Essendosi intanto un po’ calmato il mare e l’aspetto del cielo promettendoci tempo migliore, governammo per oriente, cioè verso Candia, che non tardò a mostrarsi all’orizzonte. Tramontato il sole ed avvistato il fanale di Suda, il piroscafo si diresse a piccola velocità, parallelamente alla costa settentrionale dell’isola, a riparo dello scirocco che pur sempre continuava a soffiare con veemenza. Il mattino seguente ci trovò presso l’estremità orientale di Candia, mentre ci innoltravamo in alto mare colla speranza di incontrare un tempo più propizio. Vana lusinga! Non appena perduto di vista il capo Sidero, il cielo si abbuiò sinistramente, il vento si mise a stridere tra le sartie ed il mare nuovamente ingrossò.

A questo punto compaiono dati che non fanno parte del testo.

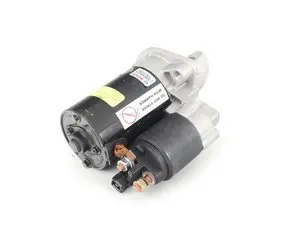 OEM Bosch Remanufactured Starter -- N52 N54 N55 3.0L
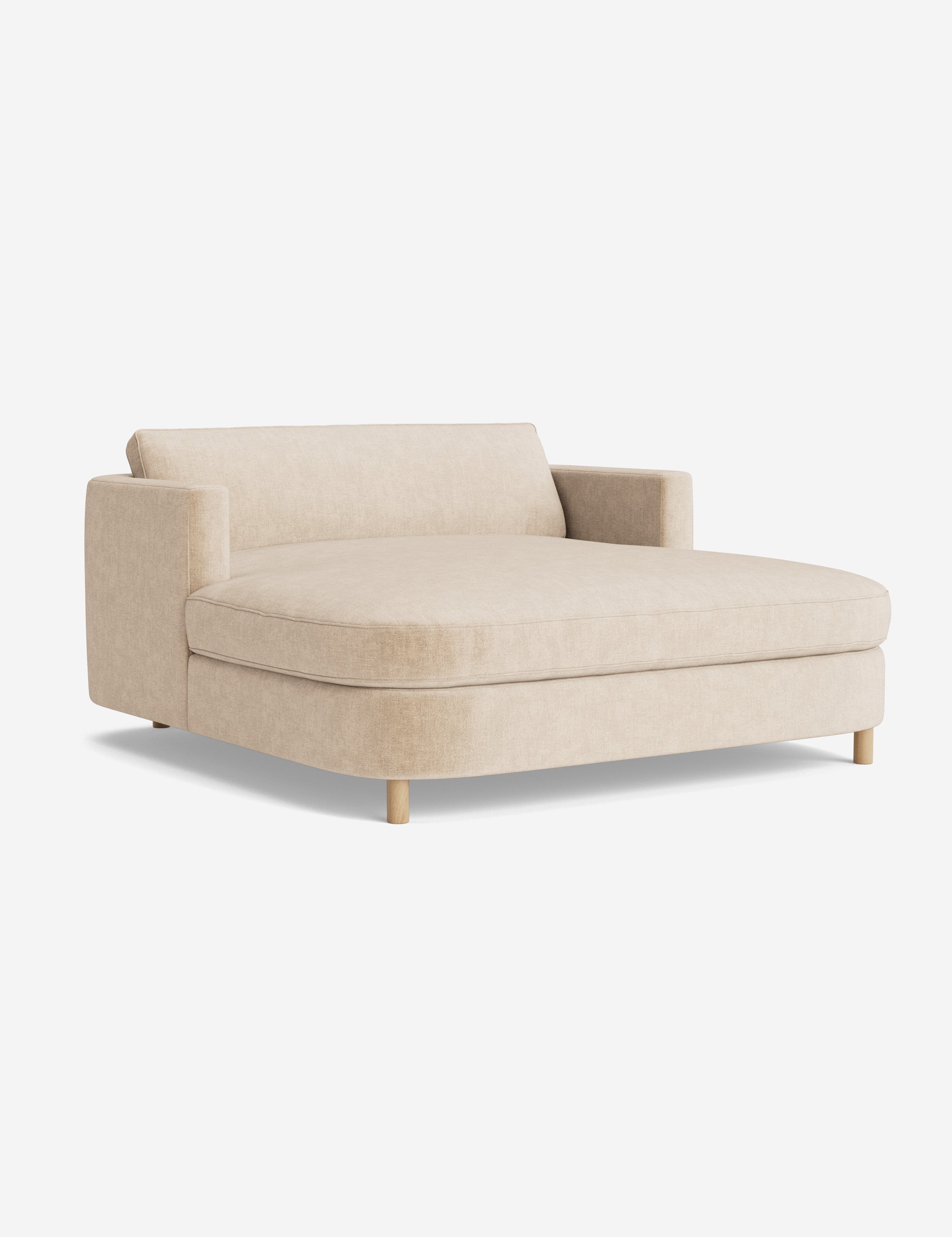 Lulu and Georgia Belmont Media Lounger by Ginny Macdonald - view 14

Alle 4, circa, dopo il meriggio, un immenso cavallone si riversò romoreggiando sulla poppa, ed una gran massa d’acqua penetrando negli spiragli della macchina, poco mancò che non spegnesse i fuochi; la qual cosa vedendo il capitano, divisò di retrocedere per la seconda volta e di appoggiare nel porto più vicino di Candia per aspettarvi la fine del temporale.